Starting at the line that contains "PULSANTI APRI PORTA", write out every line through the end of the records exactly as it stands, and leave out all pictures.

Content starts

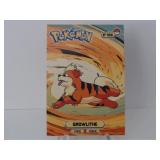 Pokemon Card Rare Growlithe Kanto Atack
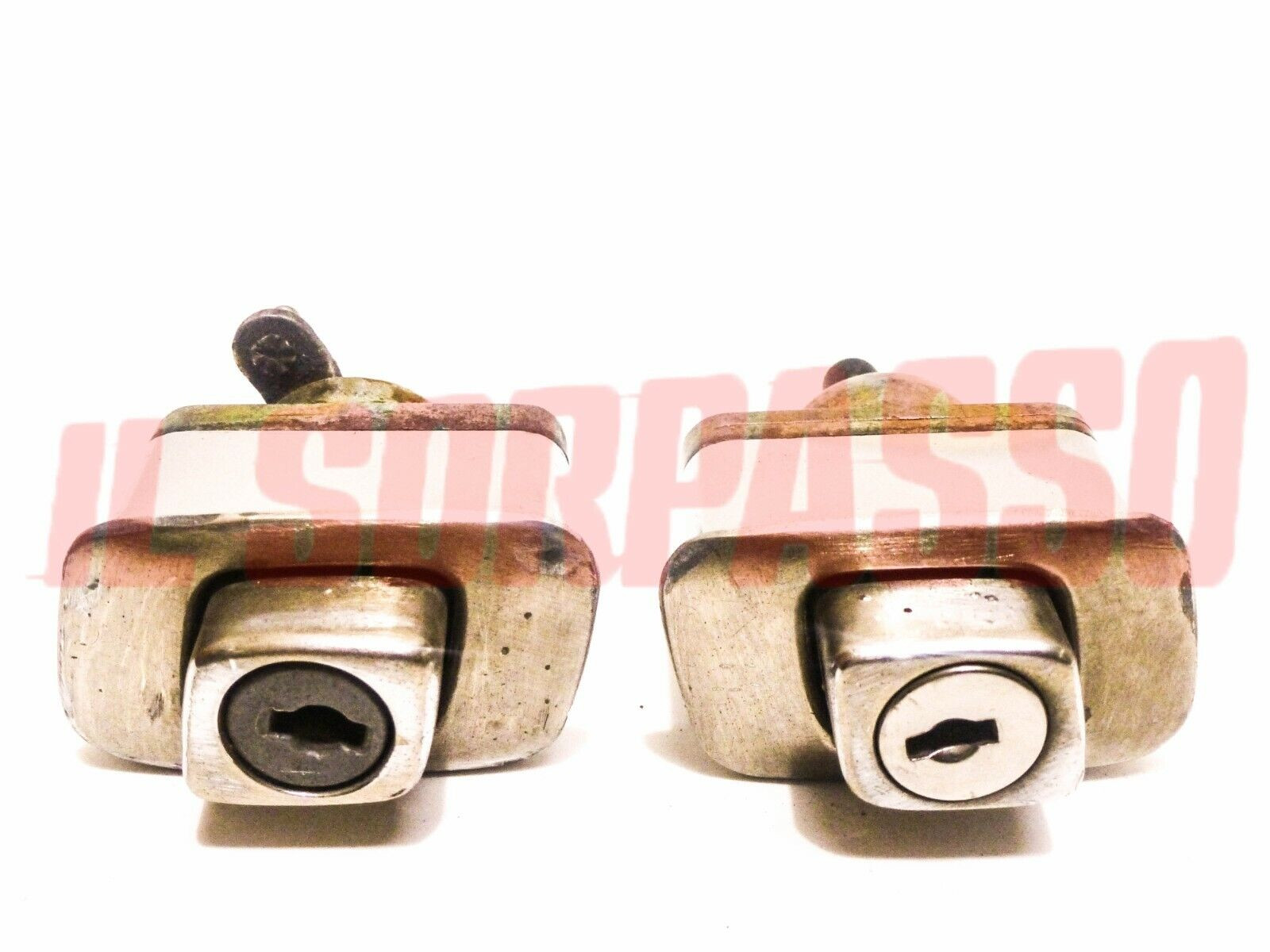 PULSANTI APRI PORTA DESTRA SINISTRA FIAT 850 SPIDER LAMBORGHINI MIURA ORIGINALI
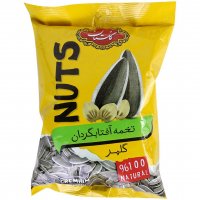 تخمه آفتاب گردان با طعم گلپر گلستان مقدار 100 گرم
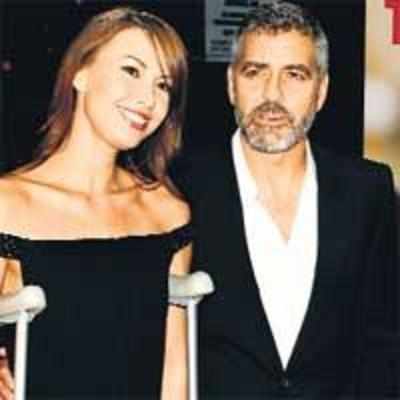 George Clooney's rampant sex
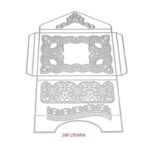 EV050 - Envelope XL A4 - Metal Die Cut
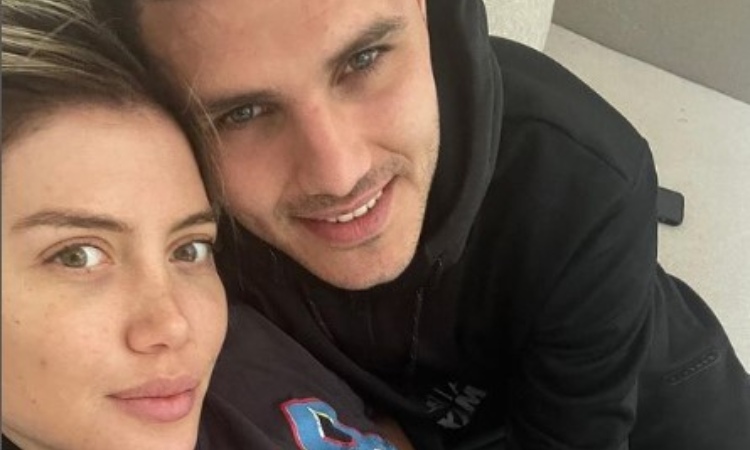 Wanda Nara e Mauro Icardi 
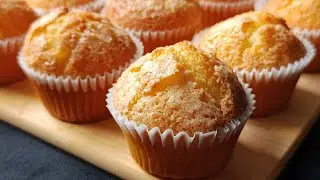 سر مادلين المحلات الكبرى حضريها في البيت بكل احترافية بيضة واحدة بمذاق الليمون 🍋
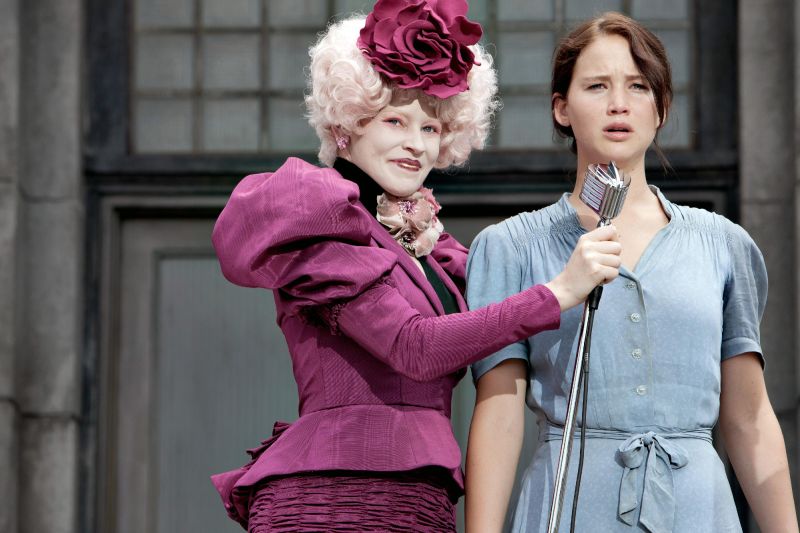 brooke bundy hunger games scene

Content ends

- _Response_
 PULSANTI APRI PORTA DESTRA SINISTRA FIAT 850 SPIDER LAMBORGHINI MIURA ORIGINALI
 تخمه آفتاب گردان با طعم گلپر گلستان مقدار 100 گرم
 George Clooney's rampant sex
 EV050 - Envelope XL A4 - Metal Die Cut
 Wanda Nara e Mauro Icardi 
 سر مادلين المحلات الكبرى حضريها في البيت بكل احترافية بيضة واحدة بمذاق الليمون 🍋
 brooke bundy hunger games scene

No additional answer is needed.